Download and initialize the models

 quartznet = nemo_asr.models.EncDecCTCModel.from_pretrained(model_name='stt_en_quartznet15x5').cuda()
 spec_generator = nemo_tts.models.FastPitchModel.from_pretrained(model_name='tts_en_fastpitch').cuda()
 vocoder = nemo_tts.models.HifiGanModel.from_pretrained(model_name="tts_en_hifigan").cuda()

The download and initialization may take up to 15 minutes to complete.

Perform Voice Swapping

Import the audio sample. Replace the URL with your desired audio source
```
 Audio_sample = '2086-149220-0033.wav'
 !wget https://dldata-public.s3.us-east-2.amazonaws.com/2086-149220-0033.wav
 IPython.display.Audio(Audio_sample)
```
The above command downloads an English audio .wav file with the male voice from the provided URL. Then, it uses IPython.display.Audio to display and play the audio in your Jupyter Notebook file.
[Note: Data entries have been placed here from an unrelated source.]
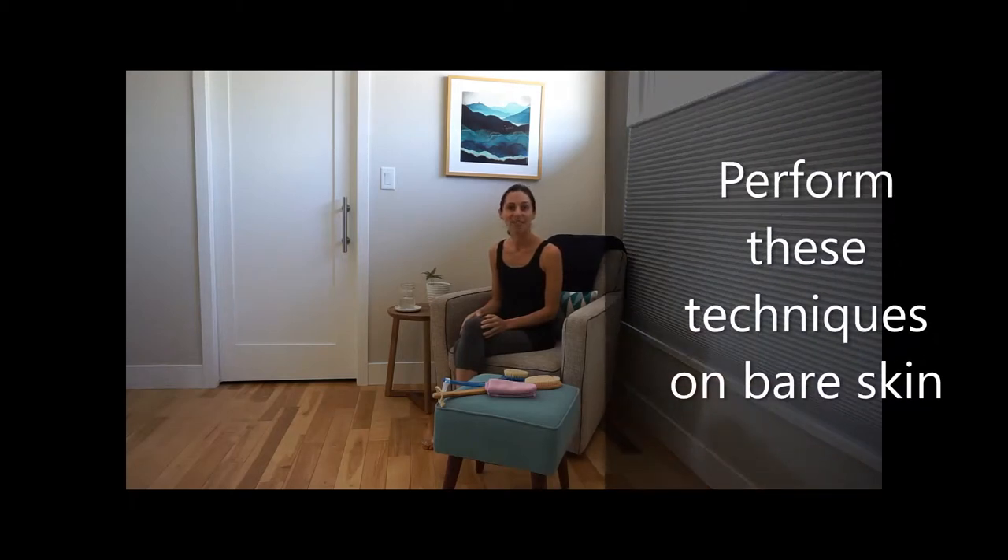Hi, I'm Debbie. I'm going to demonstrate for you today two of my favorite lymphatic techniques: the dry brush massage and the warm towel scrub.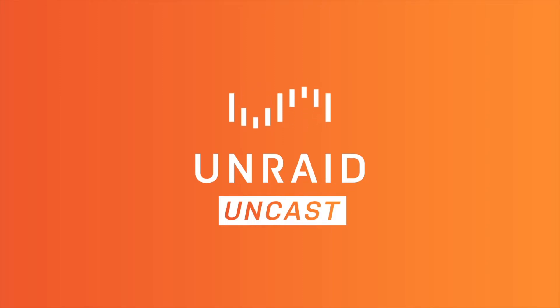Hi everyone, and welcome back to the Uncast. As always, I am your host Jonathan Penazzo, and for today's episode, I thought we'd actually start by letting you guys know that you can now buy Unraid as a gift for friends, family, and colleagues right off our website.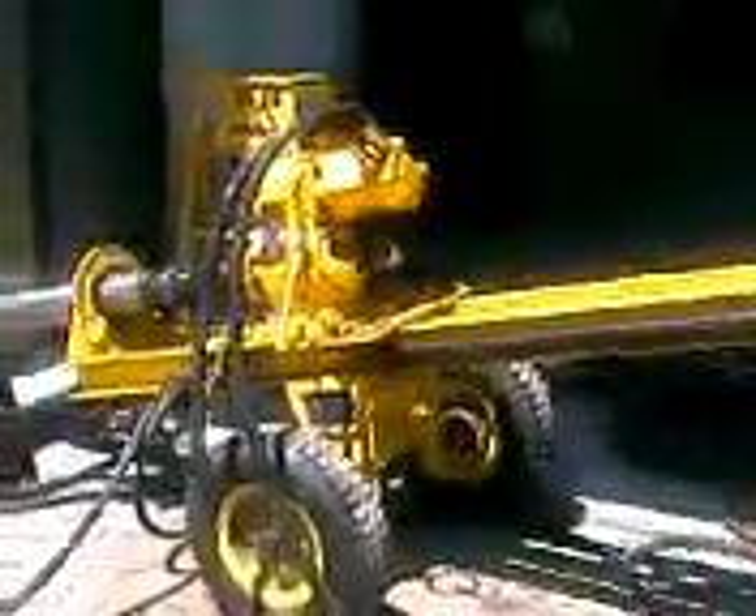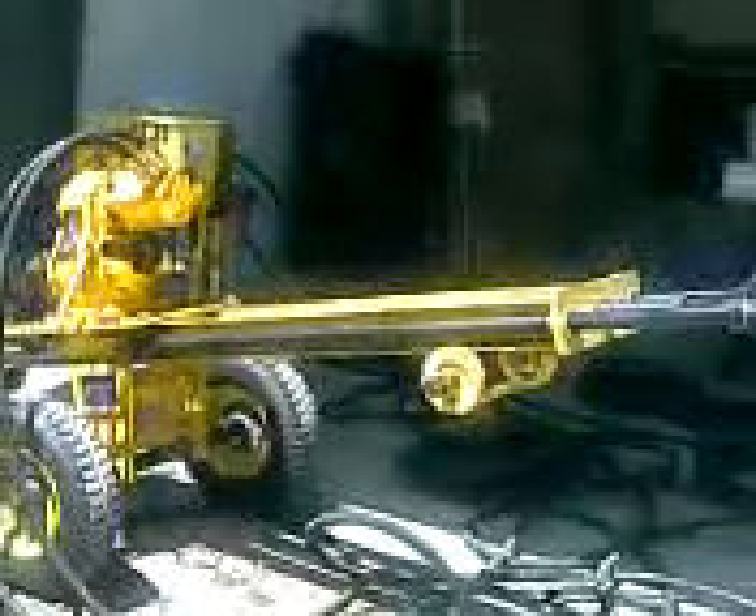And now you have it, the downhill borehole machine, consisting of three parts. We've got the main power pack there with the diesel motor, force power, and we've got the actual main drilling rig, as you can see it there.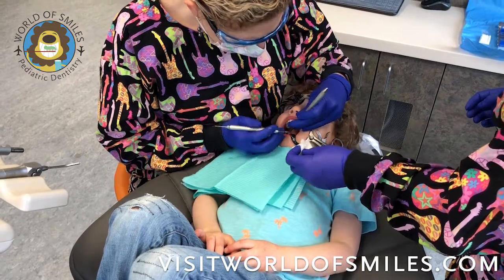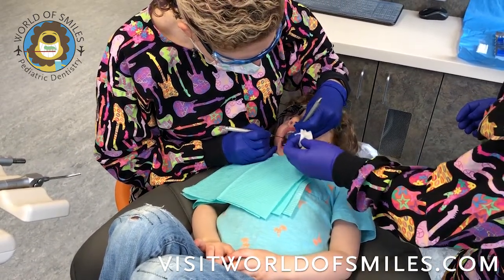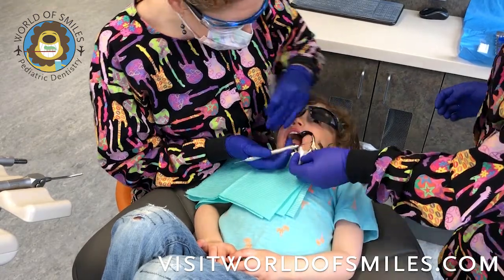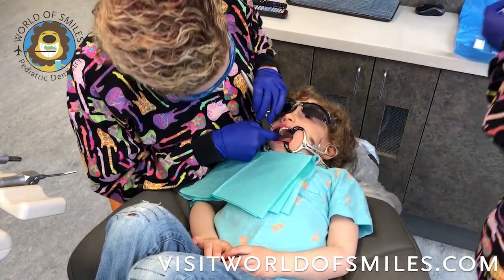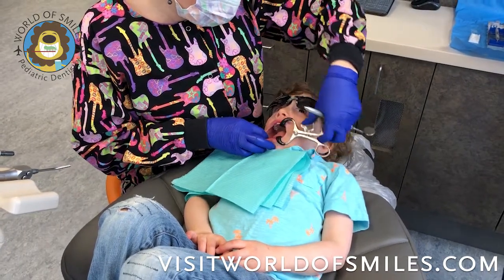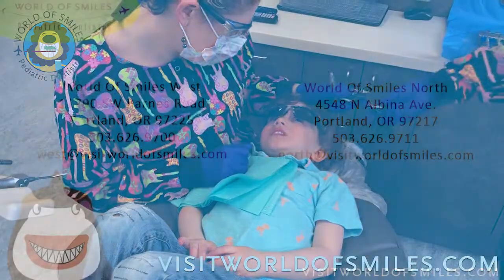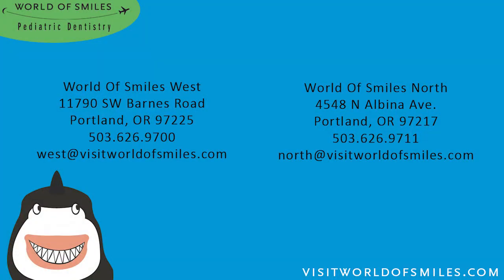Then it's a process of waiting for the glass ionomer to set, because again, we are using a glass ionomer that is not light cured. Once it has mostly set, we'll give the patient a break and just check the occlusion. And that concludes our video on silver diamine fluoride application with the SMART technique.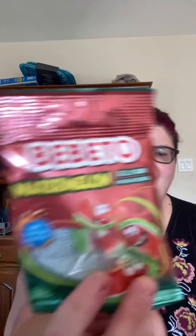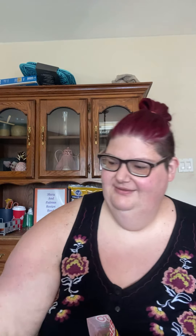What is first, Mom? Bebe Toe — Turkish Sour Watermelon Gummies. So let's take a candy. One for Mom, one for me. Mmm, tastes like watermelon. It says jelly gum, but it's not gum.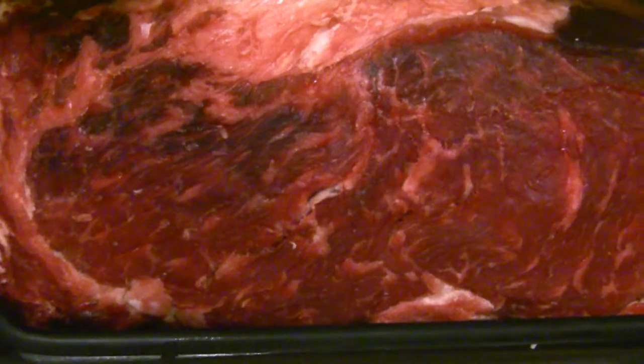The top portion is already starting to dry out, and you can see this part right here — it's black now. It's starting to get hard in the crust. So the process is working.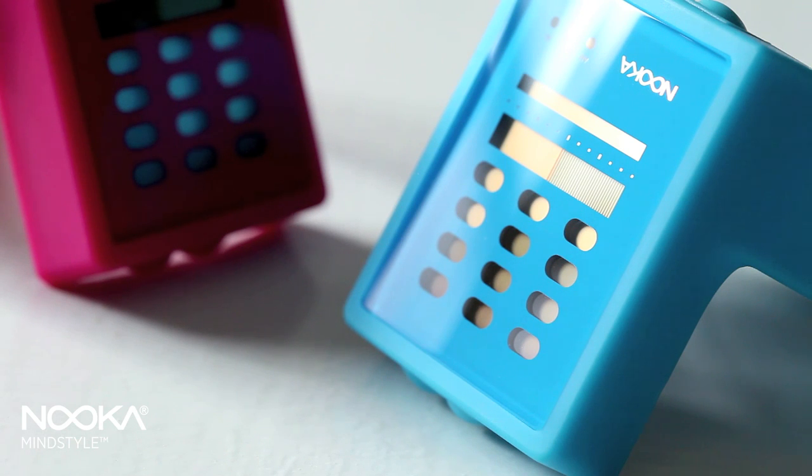Nuka presents the first truly ambidextrous watch called the Zayu. The word Zayu, derived from the Japanese word Sayu, meaning left and right, is a line of one-piece construction polyurethane watches with a mineral lens that works on either the left or the right arm.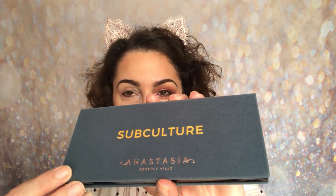Just like yesterday, I do have the original palette, and today is slightly different. I'm trying to change it up daily for you, and this time I've applied the Subculture palette on this eye. I'm really excited about this because I'm using shades that I haven't actually used before in a look — I usually go for different ones. So I'll just show you around the Subculture palette.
Transcribe the audio sample

 files = [Audio_sample]
 raw_text = ''
 text = ''
 for fname, transcription in zip(files,quartznet.transcribe(paths2audio_files=files)):
   raw_text = transcription

 text = raw_text[0]
 print(raw_text)

The above command processes the provided audio sample using the Quartznet model for transcription.

Output:

 well i don't wish to see it any more observed phoebe turning away her eyes it is certainly very like the old portrait

Generate the spectrogram
```
 def text_to_audio(text):
   parsed = spec_generator.parse(text)
   spectrogram = spec_generator.generate_spectrogram(tokens=parsed)
   audio = vocoder.convert_spectrogram_to_audio(spec=spectrogram)
   return audio.to('cpu').detach().numpy()
```
In the above command, the text_to_audio function takes a transcript, parses it, and generates a spectrogram using the text-to-speech model tts_en_hifigan. This is a preprocessing step in text-to-speech synthesis, the spectrogram represents the special characteristics of the generated audio.
Generate the swapped audio
```
 IPython.display.Audio(text_to_audio(raw_text),rate=22050)
```
The above command displays the swapped audio sample converted from a male English voice to a female English voice.

Conclusion

You have built an AI voice swap system using the NeMo framework pre-trained models running on an NGC GPU accelerated container. You converted an English Male voice audio sample to an English Female voice audio sample. Using NeMo modules and pre-trained models from the NGC catalog, the audio speech recognition pipeline becomes more efficient and convenient to use.